Required work -> Begin at the line containing "A member's Recordings" and end at the final line of the entries. Please reproduce those lines exactly.

Data for this task ->
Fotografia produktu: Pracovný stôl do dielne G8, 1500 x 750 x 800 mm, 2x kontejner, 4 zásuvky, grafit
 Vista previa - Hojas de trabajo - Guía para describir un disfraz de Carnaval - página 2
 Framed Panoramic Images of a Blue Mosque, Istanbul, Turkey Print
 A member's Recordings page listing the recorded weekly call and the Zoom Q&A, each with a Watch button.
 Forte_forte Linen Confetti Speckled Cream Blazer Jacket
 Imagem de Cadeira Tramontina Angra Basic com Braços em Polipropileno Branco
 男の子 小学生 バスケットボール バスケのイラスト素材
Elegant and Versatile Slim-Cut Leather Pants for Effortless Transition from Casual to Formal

Result of the exercise ->
 A member's Recordings page listing the recorded weekly call and the Zoom Q&A, each with a Watch button.
 Forte_forte Linen Confetti Speckled Cream Blazer Jacket
 Imagem de Cadeira Tramontina Angra Basic com Braços em Polipropileno Branco
 男の子 小学生 バスケットボール バスケのイラスト素材
Elegant and Versatile Slim-Cut Leather Pants for Effortless Transition from Casual to Formal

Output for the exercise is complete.